Aus unergründlichen Motiven heraus erwarten aber die verschiedenen Empfänger auch zum Teil sehr verschiedene Formen der Kontaktaufnahme. Einiges ist bei allen Verlagen und Agenturen gleich; ich will hier nur mal die – geradezu frustrierende – Fülle an Unterschieden im jeweils Geforderten aufzählen.
- Papier oder E-Mail
Die meisten Empfänger wollen E-Mails mit Anhängen. Einige aber nennen nur eine Post-Anschrift, wo dann einige Dutzend Seiten Papier hingeschickt werden sollen. Sicher, machbar. Aber wozu? Heizen manche Verlage noch mit Papier? - Länge der Inhaltsangabe
Ich habe schon "Pitches" (zwei bis drei Zeilen), eine "Viertelseite", eine "halbe Seite", "bis zu einer Seite", "zwei bis drei Seiten" und "etwa vier Seiten" gefordert gesehen.

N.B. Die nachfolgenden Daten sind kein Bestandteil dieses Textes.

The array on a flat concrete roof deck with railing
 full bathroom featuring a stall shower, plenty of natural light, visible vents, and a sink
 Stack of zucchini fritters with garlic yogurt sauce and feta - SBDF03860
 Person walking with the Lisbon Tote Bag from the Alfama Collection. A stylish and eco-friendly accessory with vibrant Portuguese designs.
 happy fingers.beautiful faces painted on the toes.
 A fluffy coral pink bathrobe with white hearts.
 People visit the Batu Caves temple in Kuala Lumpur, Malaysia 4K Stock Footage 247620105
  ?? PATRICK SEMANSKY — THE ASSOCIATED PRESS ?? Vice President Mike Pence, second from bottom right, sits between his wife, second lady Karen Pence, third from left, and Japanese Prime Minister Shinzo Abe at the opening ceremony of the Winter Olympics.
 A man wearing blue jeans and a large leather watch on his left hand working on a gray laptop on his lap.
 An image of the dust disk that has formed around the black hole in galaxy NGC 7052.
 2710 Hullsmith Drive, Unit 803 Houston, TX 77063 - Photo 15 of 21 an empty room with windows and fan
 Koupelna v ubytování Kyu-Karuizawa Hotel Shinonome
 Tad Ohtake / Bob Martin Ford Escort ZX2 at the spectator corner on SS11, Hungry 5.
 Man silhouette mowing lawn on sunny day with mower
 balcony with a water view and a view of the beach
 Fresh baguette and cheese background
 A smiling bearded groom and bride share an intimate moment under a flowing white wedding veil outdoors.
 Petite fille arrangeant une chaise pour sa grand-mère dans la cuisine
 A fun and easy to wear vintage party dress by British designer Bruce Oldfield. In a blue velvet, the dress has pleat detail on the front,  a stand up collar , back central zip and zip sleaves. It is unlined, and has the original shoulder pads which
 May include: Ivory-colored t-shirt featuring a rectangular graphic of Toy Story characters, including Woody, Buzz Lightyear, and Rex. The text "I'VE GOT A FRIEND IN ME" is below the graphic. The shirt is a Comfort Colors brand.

Sicher ist es eine gute Fingerübung, seinen Plot noch einmal in sechs verschiedenen Längen zusammenzufassen. Das gibt einem den richtigen Überblick, was man da eigentlich geschrieben hat. - Charakterisierung der Protagonisten
Manch einer will sie, dann aber sicher wieder in verschiedenen Längen ("drei Zeilen", "halbe Seite"). Die meisten erwähnen sie nicht. - Weltenaufbau
Habe ich auch schon gefordert gesehen (F/SF). Aber selten. - Vita
Meist wird von einer Kurz-Vita gesprochen. Manchmal wird erwähnt, dass nur Veröffentlichungen gemeint sind (aha? Mein Leben reduziert auf meine Schriftstellerei?), aber natürlich wieder nicht immer. - Leseprobe
Natürlich, die muss sein, das versteht jeder. Aber warum muss sie in der geforderten Länge derart schwanken? Ich sah schon alles Mögliche von 20 bis 50 Seiten, teilweise auch angegeben in Kapitelanzahlen. Was mach ich jetzt, wenn nach 20 Seiten mein Text keinen sinnvollen Abschneidepunkt aufweist? - Dateiformate
Viele wollen PDF. Aber natürlich wieder nicht alle. Einige verlangen explizit das von Microsoft benutzte proprietäre Word-Format, das sich natürlich großer Beliebtheit und Verbreitung erfreut. Einige wollten sogar, dass man ihre .doc-Datei als Vorlage verwendet, ausfüllt und zurückschickt. Muss das sein? Bin ich Autor oder Behördengänger, der sein Formular 27B/6 noch braucht? - Genres
Sehr oft liest man, man möge sich bitte informieren, ob das Manuskript zum Verlag/zur Agentur passe. Natürlich, ich gehe ja auch nicht zum Bäcker und suche da nach einer neuen Badewanne. Aber dann wird bei den betreuten Themen das Universalgenre "Belletristik" genannt, einschränkungslos. (Oft mit so lustigen Formulierungen wie "eigentlich nur X, Y und Z, aber wenn das Werk der Hammer ist, ist das Genre auch egal". Tja, nur wie kriegt der Lektor die Qualität mit, wenn er Reisebeschreibungen sofort auf den Ablehnenstapel legt, weil er sich dafür gar nicht zuständig fühlt?)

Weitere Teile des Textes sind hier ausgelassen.